(EXERCISE PROMPT)
List every line below containing "with".

(LISTED RECORDS)
--------------------

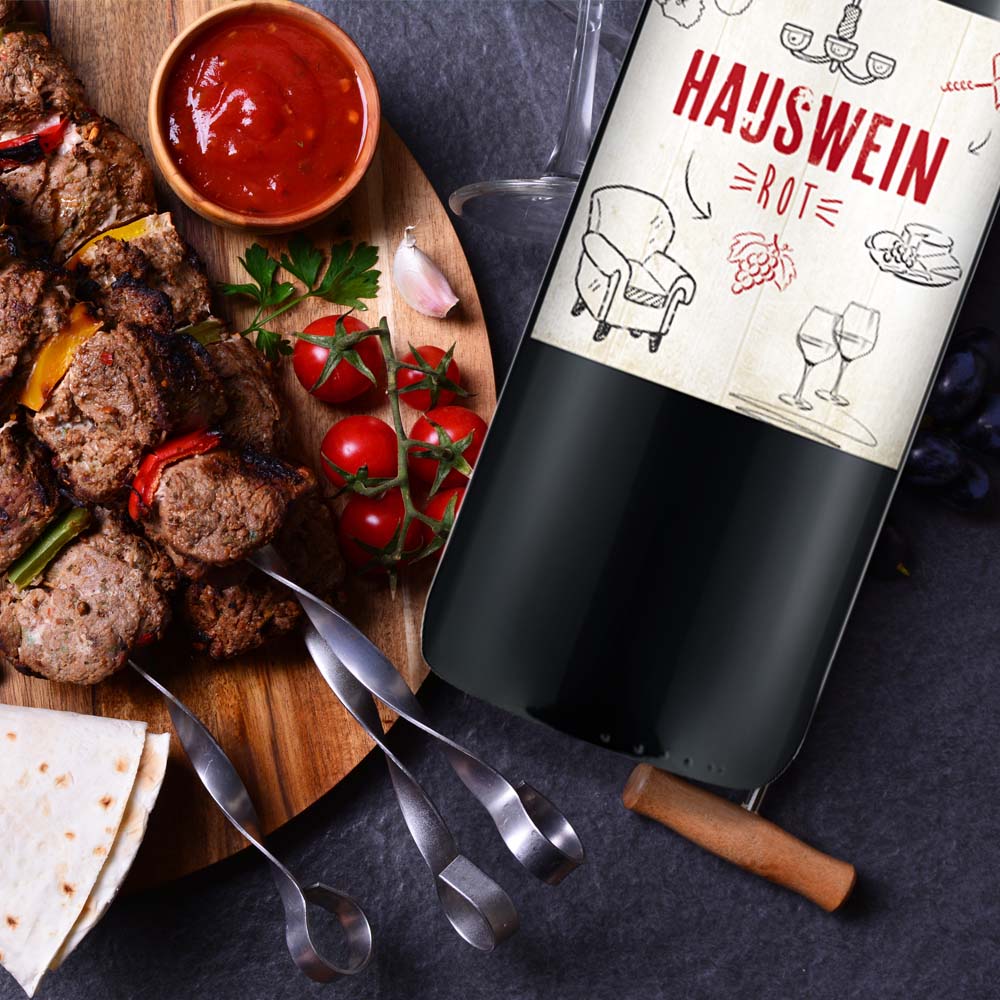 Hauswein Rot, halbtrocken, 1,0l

--------------------

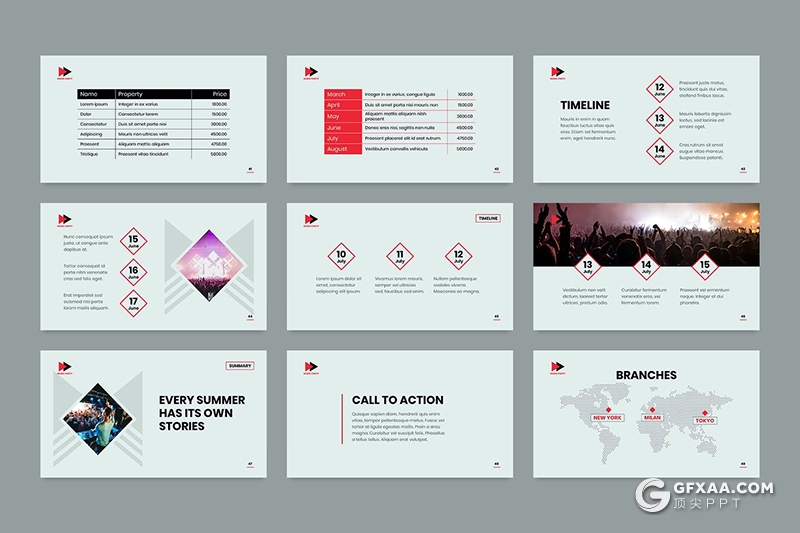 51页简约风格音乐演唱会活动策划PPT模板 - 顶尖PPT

--------------------

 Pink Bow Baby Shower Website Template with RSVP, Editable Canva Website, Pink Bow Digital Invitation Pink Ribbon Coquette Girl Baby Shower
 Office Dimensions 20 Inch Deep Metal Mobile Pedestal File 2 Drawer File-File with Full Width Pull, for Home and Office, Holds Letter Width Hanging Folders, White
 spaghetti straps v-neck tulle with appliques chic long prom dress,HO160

--------------------

(SOLUTION TO THIS EXERCISE)
 Pink Bow Baby Shower Website Template with RSVP, Editable Canva Website, Pink Bow Digital Invitation Pink Ribbon Coquette Girl Baby Shower
 Office Dimensions 20 Inch Deep Metal Mobile Pedestal File 2 Drawer File-File with Full Width Pull, for Home and Office, Holds Letter Width Hanging Folders, White
 spaghetti straps v-neck tulle with appliques chic long prom dress,HO160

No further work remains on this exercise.